*WORK REQUEST*. Beginning with the line that contains "3-Pattern Pull-Out Bathroom", transcribe the rest of the listing below exactly, including its last line, and exclude any pictures.

*SOURCE DATA*.
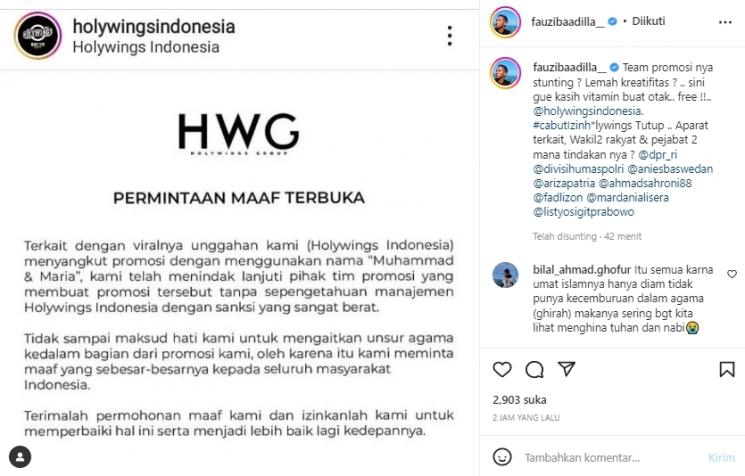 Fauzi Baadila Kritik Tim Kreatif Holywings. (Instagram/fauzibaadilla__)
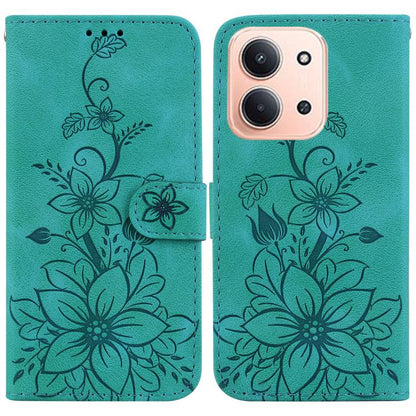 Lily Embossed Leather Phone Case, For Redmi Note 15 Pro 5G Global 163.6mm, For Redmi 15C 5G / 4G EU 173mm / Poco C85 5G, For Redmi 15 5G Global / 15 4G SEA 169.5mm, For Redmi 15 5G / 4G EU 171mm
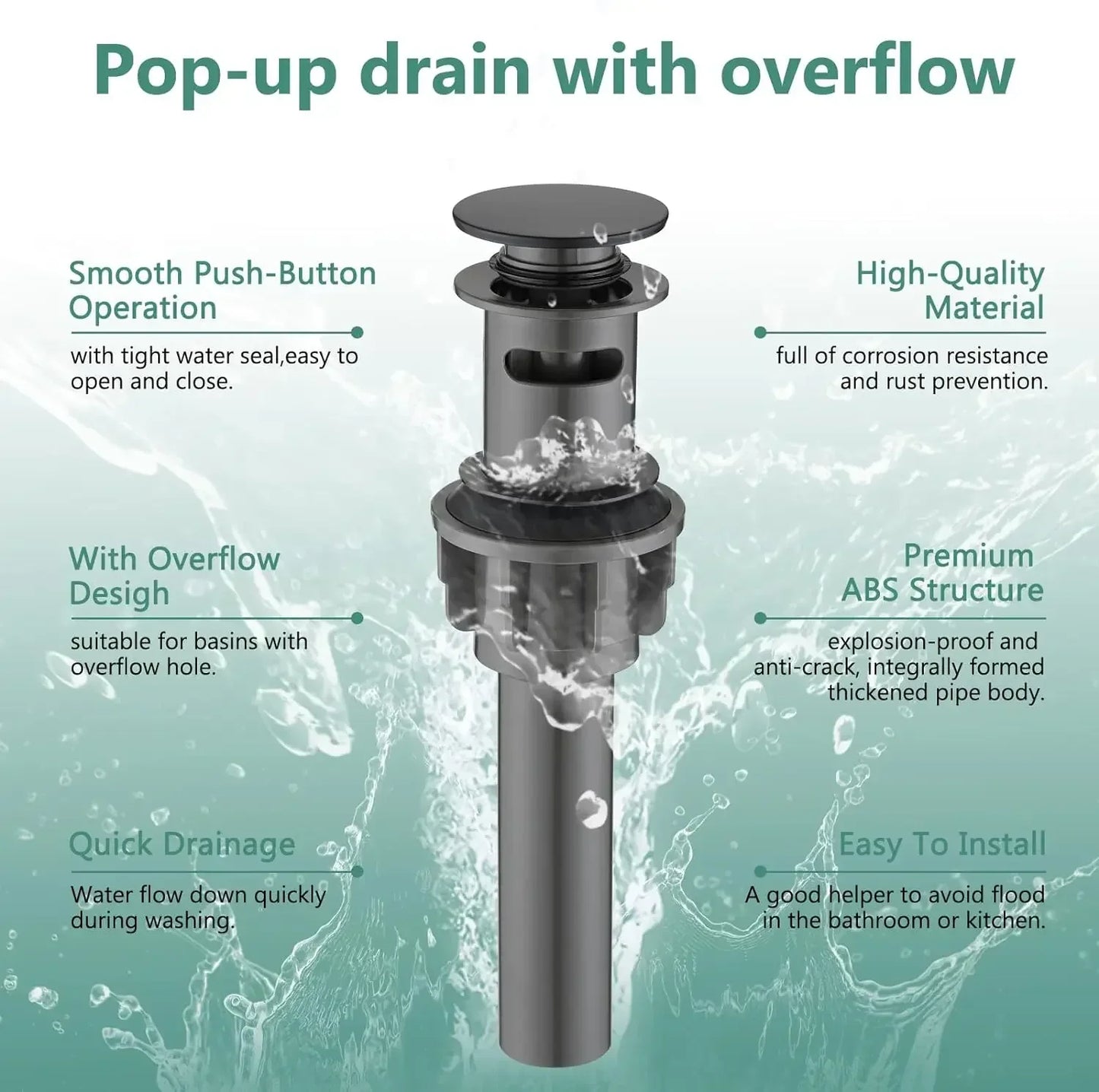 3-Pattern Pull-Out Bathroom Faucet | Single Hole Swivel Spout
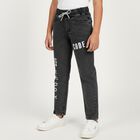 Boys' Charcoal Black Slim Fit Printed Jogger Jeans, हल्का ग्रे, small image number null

*EXPECTED ANSWER*.
 3-Pattern Pull-Out Bathroom Faucet | Single Hole Swivel Spout
 Boys' Charcoal Black Slim Fit Printed Jogger Jeans, हल्का ग्रे, small image number null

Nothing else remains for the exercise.